Dan and I lived in a perpetually dusty warehouse studio, with nearly no light with shadows cast over most of the room. We lived in Limehouse in east London, it was one street away from the Thames and had an attitude and character that only someone who lived in Limehouse could feel; it was
one of those pockets where you could drive right through and comment on the shittiness. It had fried chicken shops, a CostCutter and a DLR station. But it also had a community center that sold books with a bartering system, free movies on Friday nights, and carefully selected cheap snacks. It had a community of youth and many squats scattered around the streets, it had a basin that was cut off from the Thames and drew all the young people out of their studios to swim topless and free in summer, it also had one of the last artist studio communities of its kind in London. And we lived at the very top of it.
Furniture was sparse and odd and collected from around other studios in the warehouse. We used pots and plates from the people who had moved out of the building and left the remnants of their stay downstairs for people to use. We had the top loft, with exposed metal beams and uncovered insulation, the only two working fireplaces left in the building and a mezzanine plank of wood to call our bed. We would climb up to the roof outside the windows and the sun was free and wide, not cut short in an afternoon by a taller building, never cast in shadow, the rain fell without obstruction, and the wind could sweep without barriers. It was flat and sun soaked in the summer; people’s legs perched outside their own windows and a couple of failed attempts at vegetable gardens. We would sit up there, quiet and reading in the sun, building a silent friendship with the contemporary penthouse inhabitants opposite, learning their bulldogs’ names and waving at their guests when they had a party; loving the aggressive contrast between the two pictures: the one they saw and the one we saw.

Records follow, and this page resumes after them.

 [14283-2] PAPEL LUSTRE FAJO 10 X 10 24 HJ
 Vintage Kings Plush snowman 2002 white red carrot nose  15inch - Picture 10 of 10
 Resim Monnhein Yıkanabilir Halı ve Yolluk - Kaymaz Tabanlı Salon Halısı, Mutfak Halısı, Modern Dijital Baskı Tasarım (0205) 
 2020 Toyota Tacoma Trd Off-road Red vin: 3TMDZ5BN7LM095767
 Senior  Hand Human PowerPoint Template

Cable Street was home to hundreds of people who you barely saw. Walking the hallways there would be muffled base leaking out of rooms or doors left open to invite a non existent breeze and each studio was different, dark and gothic, light and homely, some filled with a jungle of plants, others with a pro level of bohemian, over 200 makeshift studios, a fetish club, a live music bar and a mosque all in the one massive warehouse.
We spent the whole of winter on our couch, precariously close to the little coal fire. The studio was too big, and half of it lay empty, we moved the furniture around weekly enjoying the freshness it brought to the old room. We had no water and no bathroom, and we relied on the rain to wash away the piss from the guttering when we became too cold and too lazy to walk the two flights of stairs to the shared toilet. It was so cold inside during winter that our olive oil froze solid for 3 months. We came home from work wet and freezing, stripped off our layers of damp clothing quickly and put all the dry clothes we owned on and lay in bed giggling and kissing keeping each other warm till morning. We slept on a piece of carpet on our mezzanine piece of wood and it was comfortable. We slept in unwashed sheets and became the same level of filth as The warehouse itself and only when we ventured to a well-lit and cared for space would we be conscious of the dirt on our clothes and faces.

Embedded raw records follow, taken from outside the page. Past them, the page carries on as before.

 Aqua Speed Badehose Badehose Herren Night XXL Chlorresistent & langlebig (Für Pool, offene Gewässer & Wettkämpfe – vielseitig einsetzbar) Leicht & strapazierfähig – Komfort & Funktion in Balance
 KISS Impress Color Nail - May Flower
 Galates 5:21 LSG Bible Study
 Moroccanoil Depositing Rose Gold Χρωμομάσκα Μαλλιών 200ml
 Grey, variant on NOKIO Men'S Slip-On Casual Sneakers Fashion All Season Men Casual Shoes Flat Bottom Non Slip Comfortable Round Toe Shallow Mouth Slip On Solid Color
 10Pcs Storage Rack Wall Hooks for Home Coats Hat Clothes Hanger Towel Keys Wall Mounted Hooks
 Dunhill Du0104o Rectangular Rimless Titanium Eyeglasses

We ate with two forks from one big pot, put on a chair as we sat on the floor: pasta, couscous, pasta and couscous and sometimes pizza. We hardly washed, it was cold and we had no heating, every 4 days we would walk down to the man who sold the shower tokens, buy one or two with a found Pound and take the walk to the other side of hollow boxed shaped building tp the shower, keeping an eye on the hidden courtyard below as you walk around it, watching people in layers and layers of clothing talking to each other through scarfs and carrying CostCutter shopping bags with one or two items within.
We moved to a smaller studio on the other side of the building after winter, a quarter of the size and with just the one super sized window. We could no longer reach the rooftop and we no longer had the floor space for long range darts, but we had sunlight morning to night, and we had a spring’s freshness after the deep freeze of winter. We had brought down the piano from our top floor studio, it was a heavy industrious piano, we had rolled it on it’s side to get it into the (sometimes working) metal cage lift and you could hear the pain it was in and I could feel the sorrowful stare it was giving me as if to say ‘why are you doing this to me?’ It played an agonizing involuntary song as we scraped it across the rough concrete floors to rest and to never be played in our new studio.
I lived there for 2 years and I want to go back everyday, but I doubt I ever will. Even though it was a creative orgy it didn’t bring a creative movement for me, I wasn’t productive or hard working while living there. I was simply floating on the little island we had all created for ourselves, it was a false creative home. I felt unique and capable of some interesting things, but the contagious relaxing vibe made me sloth into my natural lazy state, so my happiness wouldn’t have lasted. We left prematurely and I believe it was because this feeling of no forward movement was starting to creep.
We sleep on two mattresses one on top of the other, simply to store the excess of mattress, an excess of comfort.